But what would be reported as a “biblical” and a “1 in 1,000 chance storm” … that I had just happened to be there for … had uprooted all my deep-seated fears around safety, flushing them to the surface of my consciousness.
I had placed my feeling of safety, like a permission slip to be fully myself, outside of myself. And true safety is cultivated internally.
Because there will be storms – literally or figurately, or both – and the invitation is to cultivate the inner roots that dig deep, so the true foundation of Self cannot be shaken.
After the storm, I blink open my third-eye, that all-seeing gaze, and scan my inner terrain. What came to light that needs to be tended? What scared aspects of myself need to be embraced as sacred – that fear of powerlessness, that fear of vulnerability, even the struggle to meet these parts of myself. Come, come, come home.
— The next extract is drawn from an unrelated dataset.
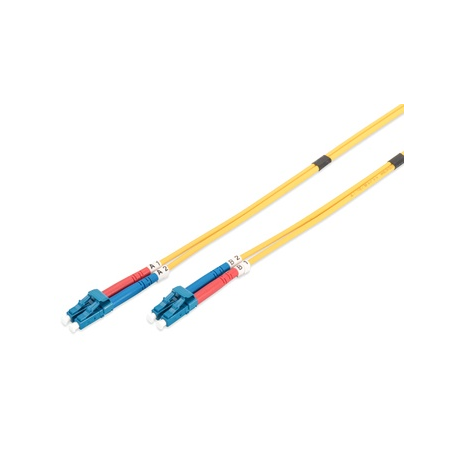 DIGITUS - Patch cable - LC single-mode (M) to LC single-mode (M) - 5 m - fibre optic - 9  /  125 micron - OS2 - booted, halogen-free - yellow - 3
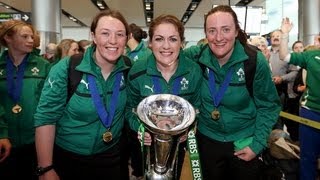 Irish women's rugby team returns triumphant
After the storm, my friend David sends me an Elvis Presley song called “Pocketful of Rainbows,” and his syrupy voice narrates my evening routine. Tara serendipitously texts a compliment about the biscuits I made for her darling family and this bright-light of a message warms my heart tremendously. Diane includes me in a prayer email, and a neighbor, a hurricane survivor, emerges out of her garden like a Floridian Goddess and embraces me and counsels lovingly, “Give this time.”
After the storm, I rest on a furry blanket and a bodyworker focuses on resetting my nervous system. He helps me breathe fully, clearing the residue freeze out of the top part of my lungs, uncoiling the fright clenched in my intestines, so my belly can sigh into liquid ease. I am amazed at the sentient intelligence of these organs.
And I have raw respect for this body – for the strength and stamina utilized to rescue myself, and it also deepens my passion for championing on health and vibrant wellbeing … and I can be a cheerleading advocate for bodily sovereignty, for the intrinsic awesomeness of the body, wherever I go. I don’t need the backdrop of Florida to stand within my truths.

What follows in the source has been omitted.